Sunday, May 31, 2009

Bark! The Park!

Tawny thinks we've had the Best morning so far!

He was all excited when I got out his leash and then...we got the car out of the garage and Tawny stepped right into the back seat. We'd always taken him in the pickup before. If you can't guess, Russ driving, me in the middle and Tawny by the window of a Ford Ranger pickup is more than unwieldy.

Tawny loves the park walk. Here he's by some of the May Apples. They bloomed a couple weeks ago, but I've always loved these harbingers of late Spring.



The woods are spongy with three inches of rain this week. Several places along the brick walk, water was oozing between the brick joins, easing toward the lake. Creeks are flowing; the lake is muddy. Fishermen weren't catching much this morning at all.





From the one parking lot area toward the boathouse, sun rays break through early morning cloud cover. Last Fall the Blue Heron was seen in this shot. It wasn't around this morning. There were just a few ducks and geese foraging for insects and people leavings.

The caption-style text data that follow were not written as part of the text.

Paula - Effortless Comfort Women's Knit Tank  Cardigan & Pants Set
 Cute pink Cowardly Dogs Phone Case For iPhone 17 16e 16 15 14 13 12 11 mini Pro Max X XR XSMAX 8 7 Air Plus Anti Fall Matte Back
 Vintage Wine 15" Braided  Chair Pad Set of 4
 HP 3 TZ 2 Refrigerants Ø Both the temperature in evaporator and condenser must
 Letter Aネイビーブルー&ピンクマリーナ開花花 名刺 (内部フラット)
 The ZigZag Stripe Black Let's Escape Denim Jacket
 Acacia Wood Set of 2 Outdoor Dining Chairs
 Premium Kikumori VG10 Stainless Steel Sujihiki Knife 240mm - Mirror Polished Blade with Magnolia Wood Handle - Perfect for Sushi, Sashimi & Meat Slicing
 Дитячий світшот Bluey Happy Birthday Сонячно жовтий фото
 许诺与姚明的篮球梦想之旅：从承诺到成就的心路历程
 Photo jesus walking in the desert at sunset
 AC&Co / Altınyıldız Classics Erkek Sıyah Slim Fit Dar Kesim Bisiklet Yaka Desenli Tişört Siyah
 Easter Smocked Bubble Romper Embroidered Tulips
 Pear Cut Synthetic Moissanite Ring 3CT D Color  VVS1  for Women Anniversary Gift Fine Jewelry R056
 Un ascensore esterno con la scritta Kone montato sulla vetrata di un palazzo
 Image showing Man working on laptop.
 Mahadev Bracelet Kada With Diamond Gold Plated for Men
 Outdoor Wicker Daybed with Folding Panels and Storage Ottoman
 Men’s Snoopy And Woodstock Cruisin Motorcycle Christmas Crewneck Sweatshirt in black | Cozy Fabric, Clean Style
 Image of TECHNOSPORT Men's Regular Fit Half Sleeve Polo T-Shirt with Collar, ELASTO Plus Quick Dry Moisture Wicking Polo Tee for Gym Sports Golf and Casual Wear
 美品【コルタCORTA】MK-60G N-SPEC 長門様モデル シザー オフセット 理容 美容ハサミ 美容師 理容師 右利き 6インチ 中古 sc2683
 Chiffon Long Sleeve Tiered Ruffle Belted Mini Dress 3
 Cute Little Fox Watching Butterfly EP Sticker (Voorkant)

We're looking forward to frequent walks at the local county park as school is out for students next Friday afternoon.

Saturday, May 30, 2009

It's almost June

yet tonight there is a frost warning for northern Pennsylvania. Those residents must be pulling their hair out! We're to be in the mid-40's here.

The renovation update for today is that the hallway ceiling has been not only primed but painted in semi-gloss white! Monday will bring the walls being painted. Nikki is just to the top of the stairs, checking out today's changes. He always hides when Painter Don is here, but then always checks to see what has changed in his house. You do know that we belong to him rather than him belonging to us, right?



The hanging baskets are all doing really well this year. This is a fuchsia named 'Shimmering', a double fuchsia. I really like this one. Yesterday I planted the nasturtiums that were started in peat pots into a hanging basket and they've already grown over an inch!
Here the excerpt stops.